■ **Collected data**:
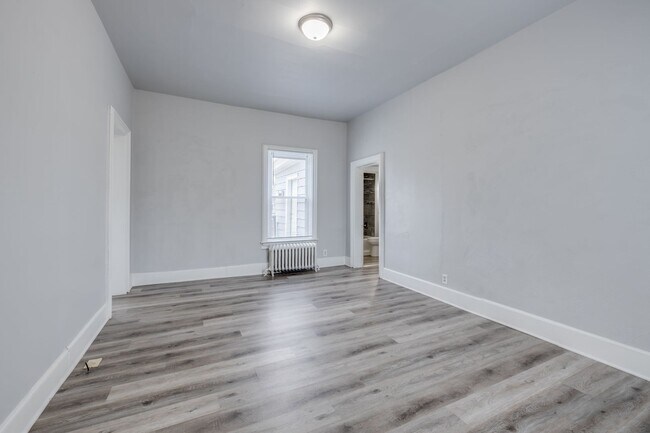 Building Photo - Park/5th Duplex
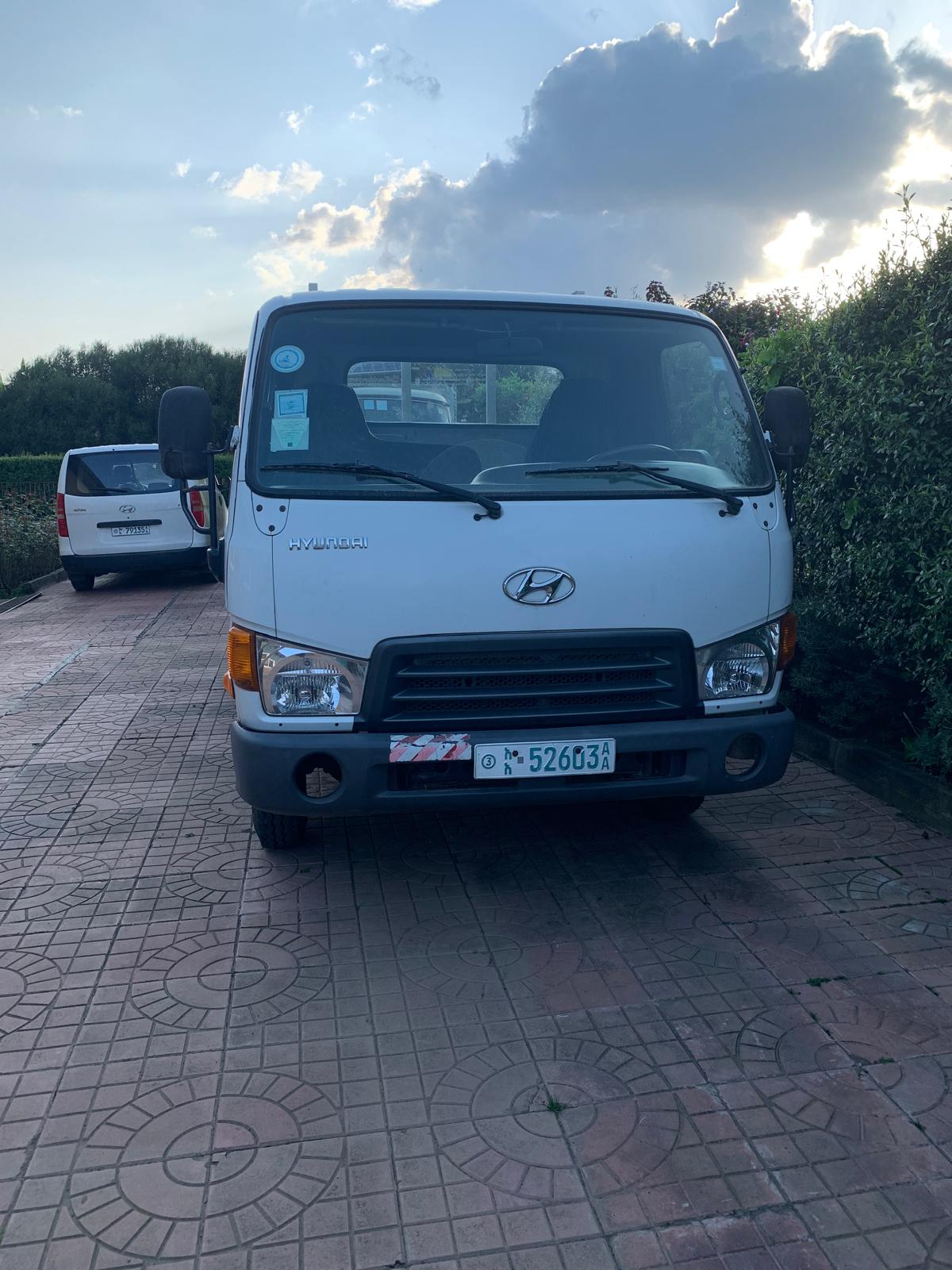 Hyundai HD65 (3 ton) - Image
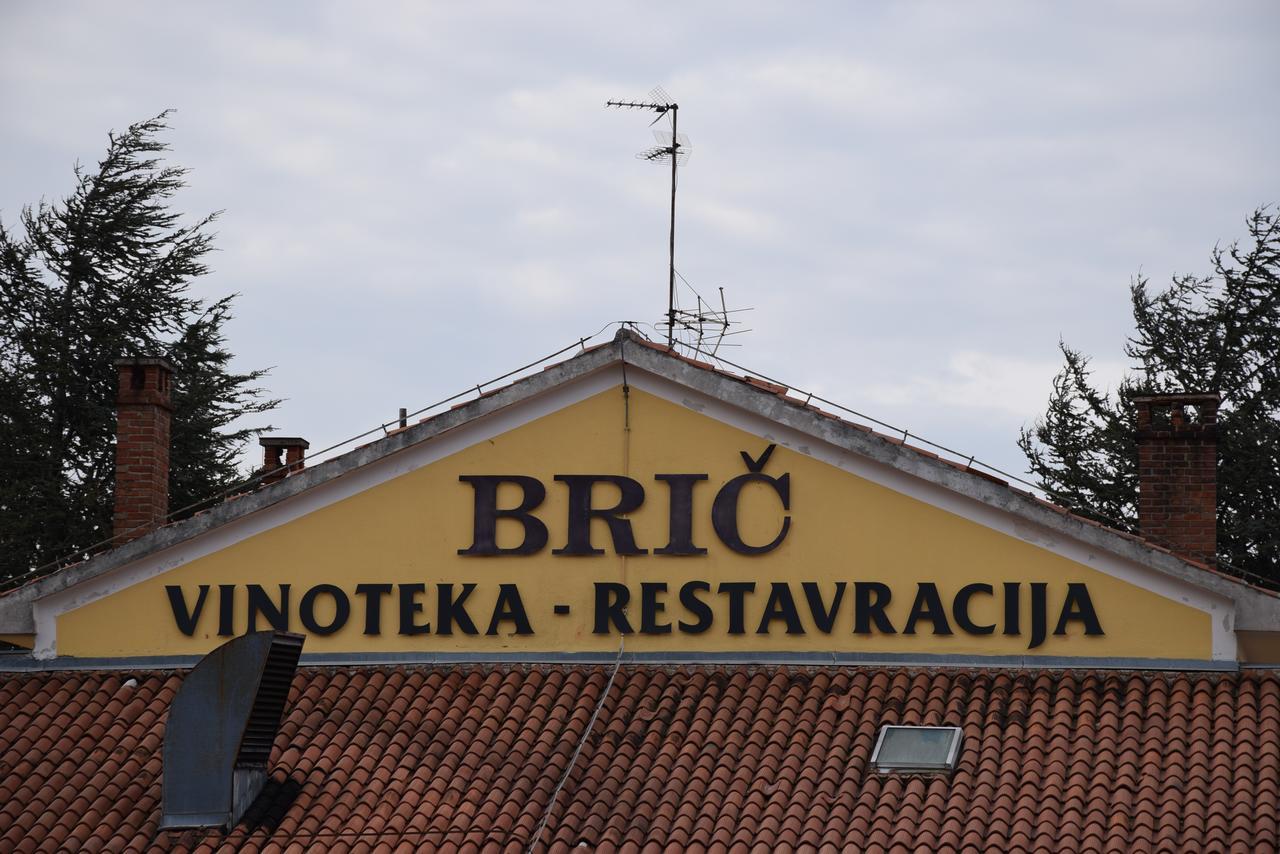 Restaurant Bric Dekani 외부 사진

■ **To do**:
Give back exactly the lines from the one containing "Hyundai HD65 (3 ton) - Image" through the last line above, both included, and none of the pictures.

■ **Result of the task**:
 Hyundai HD65 (3 ton) - Image
 Restaurant Bric Dekani 외부 사진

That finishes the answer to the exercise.